LA POLEMICA – Il piatto, che il titolare della Caserma Guelfa proporrà in uno dei ristoranti presenti nel padiglione di Oscar Farinetti, è al centro di varie polemiche, perché non rispetterebbe la tradizione del pescato locale. Sandro Assenti della Confesercenti ha recentemente dichiarato sulla stampa che si correrebbe il rischio che i turisti presenti all’Expo, una volta giunti a San Benedetto, non riconoscerebbero il vero piatto tradizionale.

MA COME DEVE ESSERE FATTO UN BRODETTO? – Un gran numero di persone sostiene che per fare il brodetto sambenedettese occorrano 12 pesci “tanti quanti gli apostoli”: seppia e polpo, coda di rospo, vocca in capo, mazzolina, scorfano, rana pescatrice, triglie, palombo a fette, gattuccio, razza occhiata, merluzzo o busbana. Ma poi ci sono signore anziane che parlano di 17 tipi di pesce e una in particolare ha detto che ne usa 21 (poi non è riuscita a farci l’elenco preciso, ma era giusto riportare anche la sua versione). L’unico comune denominatore di tutte le ricette è l’utilizzo di peperoni, pomodori verdi e aceto, che conferiscono al piatto il tipico sapore acidulo.
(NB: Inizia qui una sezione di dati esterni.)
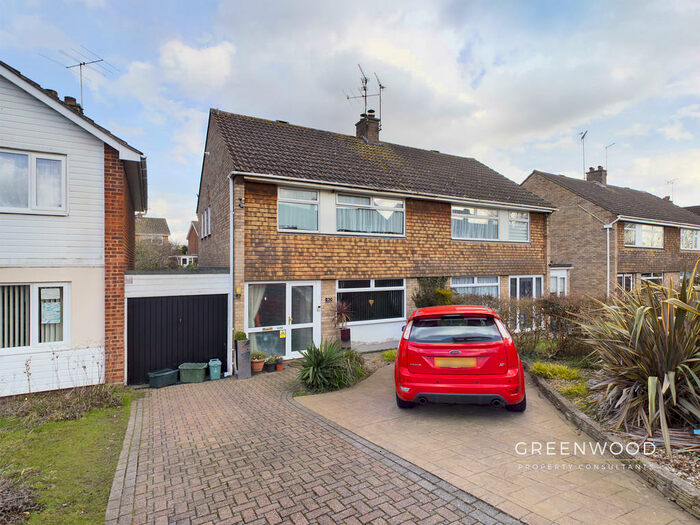 3 Bedroom Semi-Detached House To Rent In St. Cyrus Road, Colchester, CO4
LA STORIA – Ma come è nato il brodetto sambenedettese? Innanzitutto il termine “brodetto” pare derivi dalla traduzione croata di barca, che è Brod, perché è nato proprio sulle imbarcazioni e lo cucinavano i pescatori a bordo, con tutto quello che avevano. Le quantità e i tipi di pesce dipendevano da quanto pescato i marinai riuscivano a prendere con le reti: delle volte anche un solo tipo di pesce. Poi si cominciò a cucinarlo in ogni casa e ogni cuoca/cuoco viveva nella convinzione di possedere la ricetta che rispettasse di più la tradizione. Un po’ come succede nelle case ascolane, con le olive fritte, ma lì esiste un disciplinare da tempo.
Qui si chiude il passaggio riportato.